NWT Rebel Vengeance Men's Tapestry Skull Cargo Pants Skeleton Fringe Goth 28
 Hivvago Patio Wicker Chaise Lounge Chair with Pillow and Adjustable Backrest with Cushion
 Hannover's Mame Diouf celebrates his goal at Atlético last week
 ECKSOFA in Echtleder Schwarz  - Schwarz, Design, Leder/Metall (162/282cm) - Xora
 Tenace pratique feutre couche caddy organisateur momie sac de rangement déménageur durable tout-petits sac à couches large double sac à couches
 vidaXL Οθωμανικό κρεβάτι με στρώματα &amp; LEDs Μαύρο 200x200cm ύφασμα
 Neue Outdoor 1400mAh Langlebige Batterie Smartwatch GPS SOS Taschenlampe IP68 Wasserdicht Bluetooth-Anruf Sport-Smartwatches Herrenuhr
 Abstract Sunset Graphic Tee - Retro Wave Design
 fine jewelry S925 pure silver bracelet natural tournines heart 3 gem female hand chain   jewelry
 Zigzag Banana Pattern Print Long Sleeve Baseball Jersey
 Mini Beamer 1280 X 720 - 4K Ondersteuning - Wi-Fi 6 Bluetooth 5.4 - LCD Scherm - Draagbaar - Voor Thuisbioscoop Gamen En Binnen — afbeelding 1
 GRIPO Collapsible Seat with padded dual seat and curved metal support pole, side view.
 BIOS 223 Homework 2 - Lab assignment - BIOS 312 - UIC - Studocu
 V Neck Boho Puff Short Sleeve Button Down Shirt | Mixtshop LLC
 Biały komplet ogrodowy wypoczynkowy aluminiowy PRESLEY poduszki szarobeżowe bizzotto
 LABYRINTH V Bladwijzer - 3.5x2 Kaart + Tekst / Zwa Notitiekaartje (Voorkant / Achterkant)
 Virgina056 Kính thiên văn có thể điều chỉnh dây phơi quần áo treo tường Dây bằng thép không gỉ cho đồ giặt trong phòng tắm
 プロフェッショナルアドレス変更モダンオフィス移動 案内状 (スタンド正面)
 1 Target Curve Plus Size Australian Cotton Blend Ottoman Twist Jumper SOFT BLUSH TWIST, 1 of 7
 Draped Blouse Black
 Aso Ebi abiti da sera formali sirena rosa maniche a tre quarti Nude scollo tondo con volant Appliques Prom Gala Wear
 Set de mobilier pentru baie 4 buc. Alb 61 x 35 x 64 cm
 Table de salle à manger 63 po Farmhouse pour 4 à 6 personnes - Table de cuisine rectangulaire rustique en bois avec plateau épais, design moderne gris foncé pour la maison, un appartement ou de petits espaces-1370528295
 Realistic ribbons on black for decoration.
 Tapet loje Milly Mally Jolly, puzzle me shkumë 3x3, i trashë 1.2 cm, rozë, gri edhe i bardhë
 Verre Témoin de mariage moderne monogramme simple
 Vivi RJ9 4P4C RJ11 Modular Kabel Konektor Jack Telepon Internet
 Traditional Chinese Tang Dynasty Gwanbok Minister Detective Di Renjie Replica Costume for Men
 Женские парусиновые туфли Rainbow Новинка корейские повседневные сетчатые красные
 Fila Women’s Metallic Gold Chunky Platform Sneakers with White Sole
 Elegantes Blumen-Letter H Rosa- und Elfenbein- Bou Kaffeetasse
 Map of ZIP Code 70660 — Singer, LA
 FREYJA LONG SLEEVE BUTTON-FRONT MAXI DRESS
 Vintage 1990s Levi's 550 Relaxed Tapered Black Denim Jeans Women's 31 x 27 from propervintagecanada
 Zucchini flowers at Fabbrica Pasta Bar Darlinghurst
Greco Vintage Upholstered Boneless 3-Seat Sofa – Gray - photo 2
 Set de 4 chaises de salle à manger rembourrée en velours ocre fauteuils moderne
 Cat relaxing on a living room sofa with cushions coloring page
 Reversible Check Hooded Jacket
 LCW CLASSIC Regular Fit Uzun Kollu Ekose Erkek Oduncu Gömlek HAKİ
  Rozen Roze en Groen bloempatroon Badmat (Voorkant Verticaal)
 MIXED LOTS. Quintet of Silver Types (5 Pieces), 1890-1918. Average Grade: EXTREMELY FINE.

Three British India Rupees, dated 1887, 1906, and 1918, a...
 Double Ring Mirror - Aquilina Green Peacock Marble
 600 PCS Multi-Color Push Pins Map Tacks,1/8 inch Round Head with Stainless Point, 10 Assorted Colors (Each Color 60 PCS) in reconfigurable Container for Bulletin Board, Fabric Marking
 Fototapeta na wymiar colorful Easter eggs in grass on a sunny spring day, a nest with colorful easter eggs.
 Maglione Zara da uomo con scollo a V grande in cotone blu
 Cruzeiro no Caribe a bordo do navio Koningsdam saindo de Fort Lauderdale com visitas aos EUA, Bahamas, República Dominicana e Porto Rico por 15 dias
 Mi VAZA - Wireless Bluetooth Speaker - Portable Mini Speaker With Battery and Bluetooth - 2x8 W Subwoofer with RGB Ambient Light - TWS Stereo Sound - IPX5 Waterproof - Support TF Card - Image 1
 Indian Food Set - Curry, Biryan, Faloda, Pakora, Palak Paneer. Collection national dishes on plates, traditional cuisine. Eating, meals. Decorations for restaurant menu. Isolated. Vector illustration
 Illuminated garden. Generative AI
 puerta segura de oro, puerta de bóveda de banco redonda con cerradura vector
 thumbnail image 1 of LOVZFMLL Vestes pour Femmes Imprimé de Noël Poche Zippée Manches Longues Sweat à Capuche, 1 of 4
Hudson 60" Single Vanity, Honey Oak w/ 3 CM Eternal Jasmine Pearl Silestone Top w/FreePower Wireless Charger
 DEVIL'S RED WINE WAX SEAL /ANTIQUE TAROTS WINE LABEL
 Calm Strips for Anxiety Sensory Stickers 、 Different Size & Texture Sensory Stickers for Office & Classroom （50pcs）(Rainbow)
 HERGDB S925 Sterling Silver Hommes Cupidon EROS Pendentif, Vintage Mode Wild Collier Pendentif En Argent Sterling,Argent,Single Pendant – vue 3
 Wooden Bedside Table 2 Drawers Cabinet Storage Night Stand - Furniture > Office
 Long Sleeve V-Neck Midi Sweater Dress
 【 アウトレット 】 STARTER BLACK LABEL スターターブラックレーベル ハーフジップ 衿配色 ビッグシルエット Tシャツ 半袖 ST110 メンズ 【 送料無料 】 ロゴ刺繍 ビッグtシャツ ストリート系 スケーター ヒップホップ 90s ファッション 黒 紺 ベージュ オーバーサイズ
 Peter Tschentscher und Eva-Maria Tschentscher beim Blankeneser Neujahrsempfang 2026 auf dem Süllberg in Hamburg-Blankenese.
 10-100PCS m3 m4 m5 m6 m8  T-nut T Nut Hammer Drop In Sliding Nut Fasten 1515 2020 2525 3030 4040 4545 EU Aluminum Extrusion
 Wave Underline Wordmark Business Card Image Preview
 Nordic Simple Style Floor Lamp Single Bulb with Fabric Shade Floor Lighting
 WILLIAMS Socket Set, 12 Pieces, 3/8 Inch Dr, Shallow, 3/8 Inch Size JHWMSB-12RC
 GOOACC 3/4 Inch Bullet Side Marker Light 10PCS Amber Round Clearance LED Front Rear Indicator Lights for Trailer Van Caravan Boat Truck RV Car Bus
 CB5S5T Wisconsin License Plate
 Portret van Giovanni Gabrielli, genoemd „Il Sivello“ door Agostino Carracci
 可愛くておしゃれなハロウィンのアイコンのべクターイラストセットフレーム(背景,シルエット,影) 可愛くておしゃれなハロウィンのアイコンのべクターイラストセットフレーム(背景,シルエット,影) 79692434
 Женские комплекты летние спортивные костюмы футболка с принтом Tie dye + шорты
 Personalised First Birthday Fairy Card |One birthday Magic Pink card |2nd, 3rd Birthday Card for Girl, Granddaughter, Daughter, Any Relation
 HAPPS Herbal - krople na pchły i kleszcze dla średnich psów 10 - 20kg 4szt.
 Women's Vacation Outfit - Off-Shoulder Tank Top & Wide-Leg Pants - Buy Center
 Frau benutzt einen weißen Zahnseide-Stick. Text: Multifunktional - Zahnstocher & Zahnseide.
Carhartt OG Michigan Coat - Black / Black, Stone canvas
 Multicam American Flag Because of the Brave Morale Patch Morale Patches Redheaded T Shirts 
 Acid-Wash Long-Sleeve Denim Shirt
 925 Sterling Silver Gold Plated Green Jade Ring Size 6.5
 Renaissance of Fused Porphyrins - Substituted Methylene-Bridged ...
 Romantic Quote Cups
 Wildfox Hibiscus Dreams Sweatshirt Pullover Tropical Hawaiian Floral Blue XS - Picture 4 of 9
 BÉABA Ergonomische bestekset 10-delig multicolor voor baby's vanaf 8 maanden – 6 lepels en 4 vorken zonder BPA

====

Gather from the data above every line with the string "manger".

- Reply:
 Table de salle à manger 63 po Farmhouse pour 4 à 6 personnes - Table de cuisine rectangulaire rustique en bois avec plateau épais, design moderne gris foncé pour la maison, un appartement ou de petits espaces-1370528295
 Set de 4 chaises de salle à manger rembourrée en velours ocre fauteuils moderne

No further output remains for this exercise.